Gromit does not speak, a strong touch of realism for an animated dog character, and neither does Feathers McGraw, our penguin miscreant, which is also realistic for an animated criminal penguin. Wallace is the only character with speaking lines, yet the majority of the story is held by the two non-speaking characters. Gromit displays the full emotional gamut throughout the film, making the audience connect with him almost immediately from the first eye roll as he opens his musical birthday card. And he keeps the audience with him as he becomes a silent spy to keep his rather unobservant owner safe. But Wallace’s safety is no concern for the little penguin cat-burglar, who walks the audience through his plan most efficiently without any speech – merely a wall and a tape measure.
The film has a considerable Hitchcockian element, introduced from the opening musical score. There is first the now-familiar Wallace & Gromit theme, but that devolves into a sudden ominous stretch as the camera shows the trousers’ shadow and the title pops onscreen. The music continues that stop-and-go attitude, even giving way to silence during the more tense scenes only to pick up again with strong notes. The music added to that odd Hitchcockian tone, odd because was it was unexpected given the light-hearted short film that had started it all in 1989. Much had changed in those four years.

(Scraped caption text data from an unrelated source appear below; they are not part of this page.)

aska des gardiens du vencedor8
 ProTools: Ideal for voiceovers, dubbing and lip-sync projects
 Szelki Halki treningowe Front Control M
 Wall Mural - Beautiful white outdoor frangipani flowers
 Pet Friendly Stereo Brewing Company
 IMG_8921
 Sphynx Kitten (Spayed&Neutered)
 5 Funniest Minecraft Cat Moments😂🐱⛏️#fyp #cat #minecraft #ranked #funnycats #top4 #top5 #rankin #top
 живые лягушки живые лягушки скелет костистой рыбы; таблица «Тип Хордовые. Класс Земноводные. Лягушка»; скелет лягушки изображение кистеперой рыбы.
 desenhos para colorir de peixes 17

After the newly established creepy tone, the next most noticeable difference is the highly improved animation. The characters themselves are smoother and cleaner, and the production design is more polished, with more of Wallace’s inventions on display in more of the house than the small sitting room, the fridge, or the incredibly large basement. Here we see the dining room, the rest of the sitting room, the backyard, and the entire upper floor of the house. Watching A Grand Day Out (a student film) directly before The Wrong Trousers, the difference in quality is astonishing – more movement, more emotion, more strength of characters. This short was the defining moment for Wallace & Gromit, for creator Nick Park, for Aardman Animations, and it was absolutely cracking.
Feathers McGraw remains one of the creepiest and unusual animated villains. His quest for a giant diamond, his engineering expertise with the trousers, his flashing eyes, his need to pretend to be a chicken, his gun-wielding like some Western desperado, and his yellow fish wallpaper are all little characteristics that build up to a classic villain. He’s cold, manipulative, silent, and clever, and the audience can’t help but watch him with wrapt attention and fascination; there will always be a curiosity attached to this penguin and his misdeeds.
With a high-stakes chase scene, featuring a high-speed model train and Wallace in his underwear, the short film reaches its climax and a satisfactory conclusion. Although not the most violent or directly scary of the Wallace & Gromit series, The Wrong Trousers is the beginning of the era, the short film that really started it all, and the most classic work of suspense in animation. Even better than a rocket to the moon, The Wrong Trousers takes the audience into a mystery suitable and sinister for all ages.